Trigger Warning: If frank discussion of eating disorders and disordered eating may be triggering to you, this would be a good time to move along. Your well-being is way too important to ignore.
With eating disorders on the rise, there’s a very good chance that one day you will know someone in the grip of an eating disorder. If that person is your child, I highly recommend looking into the Maudsley approach. It will be difficult, but it has a much higher success rate than more traditional forms of therapy.
There are, however, several different possible approaches and you need to be open to figuring out which one will be the most effective in your individual case. Educate yourself on the options.
But what if the person with an eating disorder isn’t your immediate family member? What if it’s a friend, a lover, or a more distant relation? In that case, you can’t control the choice of therapy, or even whether they seek help.
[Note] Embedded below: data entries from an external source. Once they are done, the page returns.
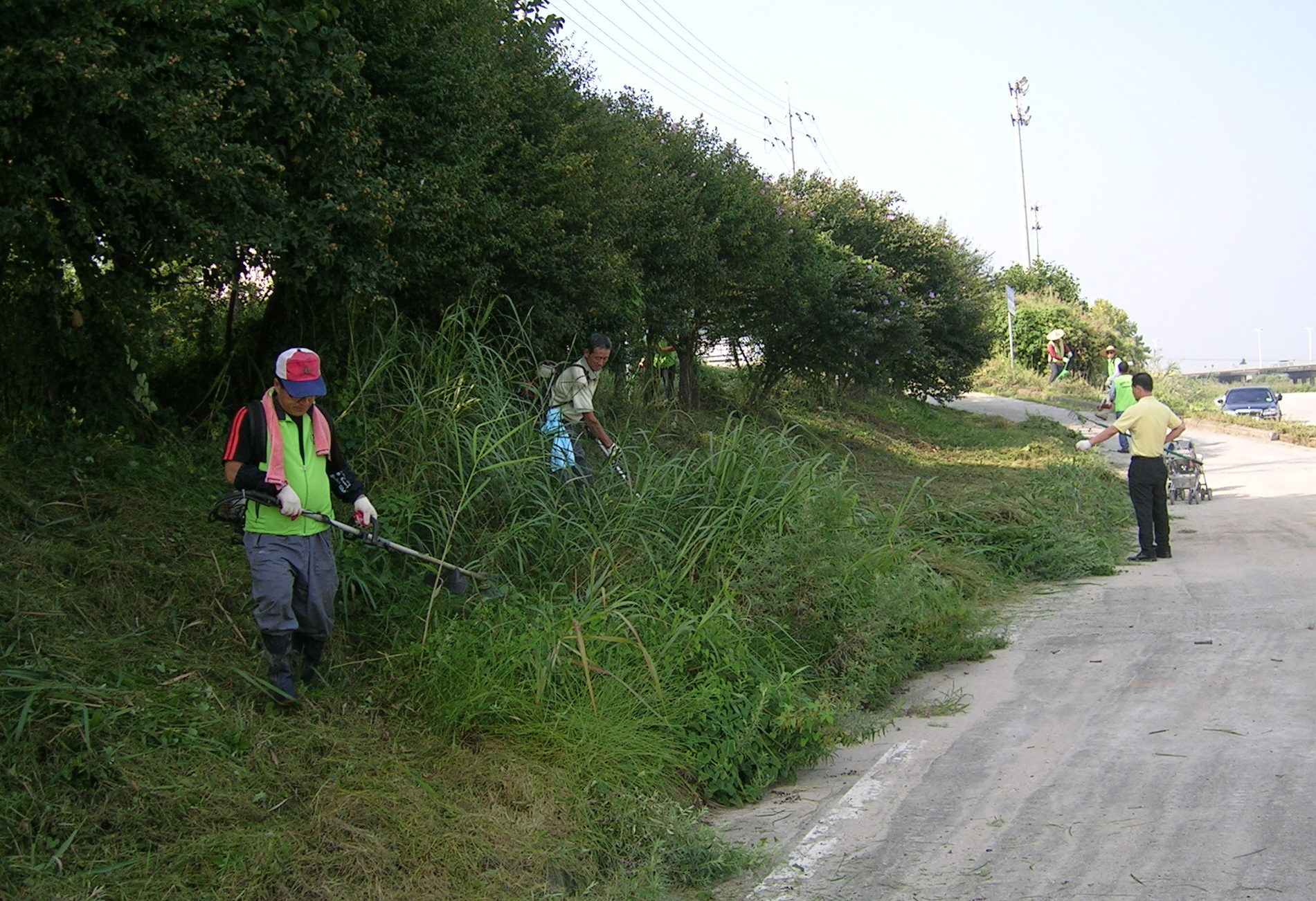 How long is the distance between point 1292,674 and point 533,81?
7046mm

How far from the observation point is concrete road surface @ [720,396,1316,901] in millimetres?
4277

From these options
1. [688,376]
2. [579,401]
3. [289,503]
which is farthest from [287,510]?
[688,376]

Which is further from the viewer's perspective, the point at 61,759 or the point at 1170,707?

What can you do to help? What can you do that won’t make things worse? What should you avoid doing?
Here are a few tips:
Do listen. This may be the single most important thing you can do. Keep your ears and your heart open. Pay attention. Assumptions don’t help, neither does scolding or platitudes. But when the sufferer feels heard in a safe environment, it helps. Keeping lines of communication open can also alert you to potentially fatal symptoms.
Don’t judge. People don’t have eating disorders at you. They aren’t doing it to hurt you. They aren’t even doing it to hurt themselves. Compulsions are so difficult to overcome and dangerous because they are beyond the immediate control of the person in their grips.
Don’t focus on what they are or are not eating. Don’t coax an anorexic to eat ‘just one more bite’ or tell a compulsive eater to put down the chips. Again, it isn’t helpful. It’s more likely to trigger panic or self-loathing that will then be controlled through more disordered eating.
Do pull the focus off of food. If pressed, ask how your friend is feeling instead of commenting on how many pounds they’ve lost or gained. Try to encourage thinking about other subjects. Talk about what book you’re reading or ask them to go to the movies with you.
Don’t avoid all mention of food. Sometimes food will come up naturally in conversation. When that happens, just let it happen. You go out to dinner. It’s normal. Let it be normal.
Do educate yourself. There are plenty of websites and books and magazine articles and blogs about eating disorders. Read them.
This is the last of my series of articles on eating disorders, but it doesn’t need to be the end of your education. Knowledge is the most important weapon we have against eating disorders. Arm yourselves.